Before we get to what we still don't know, let's take a moment to consider what this means for the conduct of Indian foreign policy. Whatever the lineaments of the deal between India and China that we eventually discern, this is, in my opinion, a win for "traditional" diplomacy over "non-traditional" efforts. In other words, the career bureaucrats at the Ministry of External Affairs deserve a great deal of credit for effectively keeping political considerations aside and ensuring that the Doklam confrontation didn't escalate. Multiple leaks before the Modi-Xi meeting in Hamburg told us that would make a difference; it didn't. Multiple leaks before Ajit Doval's trip to Beijing told us that would be a game-changer; it wasn't. In the end, it was traditional backroom diplomacy that got the job done.

It is premature - and, indeed, unnecessary - to try and spin this as a "victory" for one side or another. In issues of such strategic importance, no great power does anything unilaterally. It is unlikely there was a "mutual withdrawal", as some have claimed; India's statement about "disengagement" was quite clear in its implications. "Withdrawal" and "disengagement" are two different things; nor did the Indian foreign ministry make any claims about "mutual" action. The Chinese foreign ministry, meanwhile, said Indian troops withdrew, and that it would maintain patrolling plus its "exercise of sovereign rights". There is no contradiction here. It is entirely possible for the Chinese to continue patrolling while Indian troops return to their bunkers having achieved the aim of stopping road-building by the Chinese side in disputed territory.

Note that we simply do not know at this point if this particular aim was in fact achieved. The Indian statement does not mention the road; the Chinese statement coyly hints at its "sovereign rights", a formulation it has used to defend its "legal and legitimate" road-building in the past. Thus, anyone declaring "victory" does not know what they're talking about. For one, we will need to wait and see if the Chinese have in fact given up their road project. My Observer Research Foundation colleague Abhijnan Rej, who studies strategic standoffs from a game-theoretic perspective, has argued we need to find an empirically testable outcome that reveals what may have been agreed behind closed doors, and suggests that we should keep an eye on whether Chinese earth-moving and road-building equipment is still there a week from now.

"Victory" is easily declared by propagandists on either side, but diplomats will say that things are rarely that simple.

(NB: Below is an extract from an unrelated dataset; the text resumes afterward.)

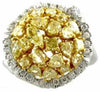 LARGE 2.97CT WHITE & FANCY YELLOW DIAMOND 18K 2 TONE GOLD MULTI SHAPE ROUND RING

Few great powers capitulate unilaterally. Even if the Chinese do get to build this road, it does not mean that we in India have necessarily "lost". We - the citizens - simply do not know if India has quietly been given other concessions to make up for the consequent loss of face. On the other hand, if China does not build the road, we still do not know what else India may have conceded - something OBOR-related? - in order to sweeten the deal. These will hopefully emerge over time, so let's keep our eyes, ears and minds open. What should matter to us is that some sort of deal has clearly been worked out, and that the immediate danger has been removed. Neither side will officially claim they have achieved their aims; both sides will unofficially claim they have done so; we, as citizens, are under no obligation to believe any claims until we see what happens on the ground. When it comes to such statements, use the old Ronald Reagan formula: "Trust, but verify".

That said, there are some major lessons we should learn from this. The first: we do not always know what will set the Chinese off. The reaction from Beijing's pet media has been unusually vitriolic on this occasion, which has considerably complicated resolution of the situation. Has the Chinese media been told to be more aggressive on India? Was India a target of opportunity or of design? We need deeper thinking about these questions than is currently on offer.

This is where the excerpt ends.